Ceezar Martinson

Jim Matherly’s win in the Fairbanks municipal election is important for the Alaska Republican Party and should be studied carefully for what it means for the party going forward. The Republican Party if it is going to remain a force in state politics has to have an active presence in urban areas of the state. It cannot retreat from urban political engagement because it is supposedly hard for Republicans to get elected in urban areas or because the Democrats cannot be defeated.

For a number of years there has been an attitude within the Republican Party that urban areas of the state are becoming more progressive and it is a waste of time to invest money and time into getting Republicans elected to school boards or city councils. The focus should be only on state races and the federal elected offices and this attitude of the last few chairmen of the Republican Party has not served the party well and is not based on any real analysis.

The reality is that the reason why so many city councils and school boards have gone over to the Democrats in this state is because of the fact that the Republican party has not been organized when it comes to urban campaigning.

What Jim Matherly’s win in Fairbanks shows is that Republicans can win if they have an organizational structure behind them to get them over the finish line, even in a tough campaign. Fairbanks Republicans did two things that put Mayor Matherly on the road to victory: raising money and, even more critically, getting people to the polls.

The second part happened with amazing outreach on the part of Republican Party district chairs and activists going around the community with voter guides explaining where Matherly stood on the issues affecting Fairbanks. In particular, there was a serious effort to go to churches around Fairbanks and educate Christians on where he stood on family values and that mobilized a large voter base for him. Aside from the victory that Mayor Matherly had there were also victories with Republicans getting elected to the city council who ran on the same platform that he did. The big question now is if the leadership of the Alaska Republican Party working in conjunction with party activists across the state will export the Fairbanks model to borough and municipal races across the state.

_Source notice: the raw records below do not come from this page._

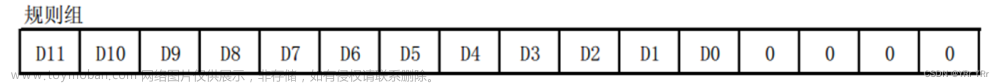 STM32 ADC数模转换器,STM32 教程,stm32,单片机,嵌入式硬件,1024程序员节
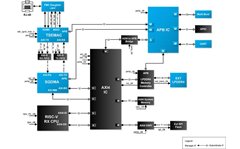GHRD-GSRD-Reference-Design-Avant-E-BD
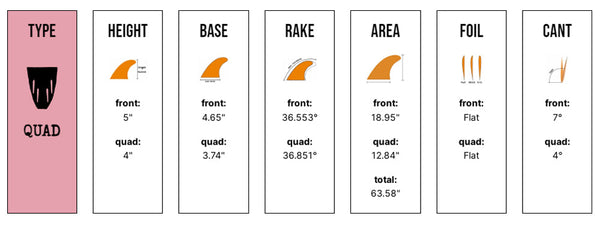 Captain Fin Co - Jeff McCallum Quad Especial - Large - Black (FCS)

If the leadership does so this will mean victories in local races across the state and the implementation of a conservative policy agenda at the borough and municipal level. It also means the party would be building a bench of elected officials who could go on and run for state legislative offices and replace current office holders who are looking to retire. The leadership of the Republican Party has a major task ahead on this front but anything worth doing is going to be hard but as long as party district leadership across the state is engaged the future is very bright.